## Prompt
Without the pictures, print the lines running from the beginning of the material to the line containing "Anglo-Čechoslovakishe und Prager", both ends included.

## The data
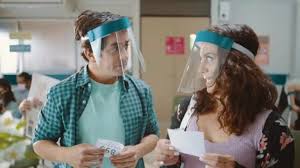 Once años tiene la hija mayor de paola troncoso, quien cada fin de semana se luce con sus rutinas de humor en morandé con compañía, donde da vida a polillita, a la mamá de miguelito, entre otro personajes. Mega Estreno Un Nuevo Adelanto De El Barrio Radioactiva 92 5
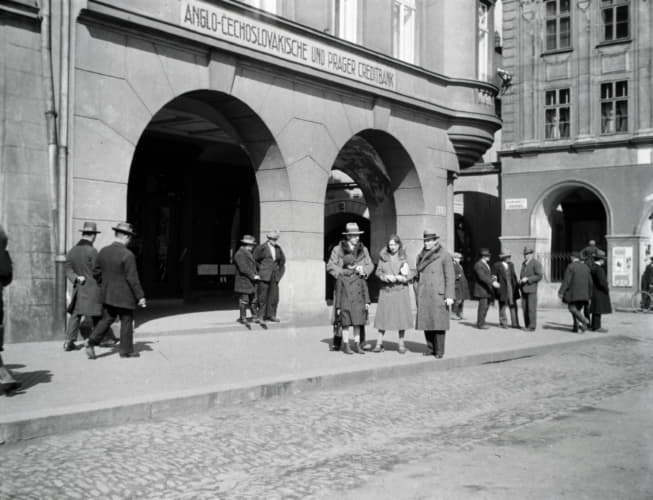 Anglo-Čechoslovakishe und Prager Creditbank. Masarykovo náměstí.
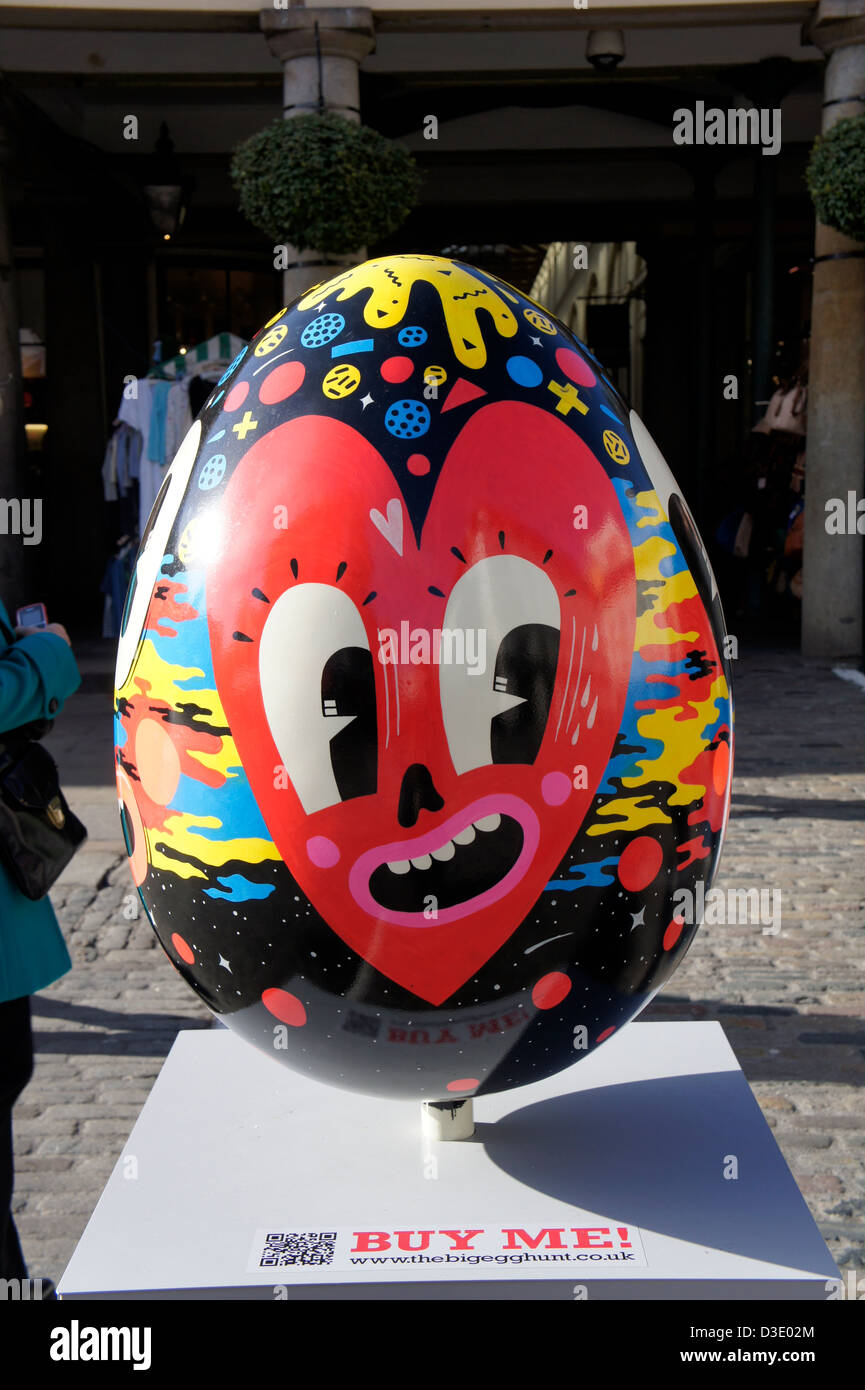 Gigante decorato uovo di Pasqua presso il grande ricerca delle uova in Covent Garden di Londra, Inghilterra. Foto Stock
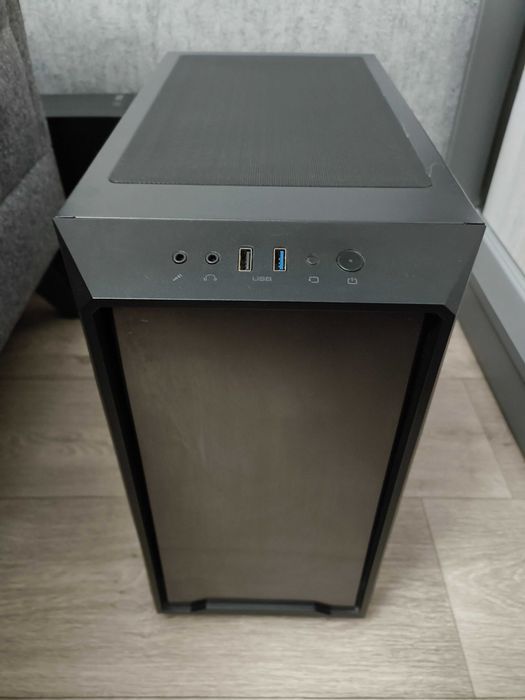 Ryzen 7 5700X3D/32GB 3200/1TB NVMe/3TB HDD/RX 7700XT 12GB/750W Bronze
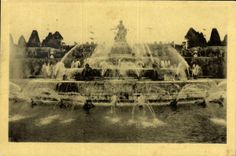VINTAGE POSTCARD Versailles Park of the Castle Of the Basin De Latone Large Water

## Answer to the exercise
 Once años tiene la hija mayor de paola troncoso, quien cada fin de semana se luce con sus rutinas de humor en morandé con compañía, donde da vida a polillita, a la mamá de miguelito, entre otro personajes. Mega Estreno Un Nuevo Adelanto De El Barrio Radioactiva 92 5
 Anglo-Čechoslovakishe und Prager Creditbank. Masarykovo náměstí.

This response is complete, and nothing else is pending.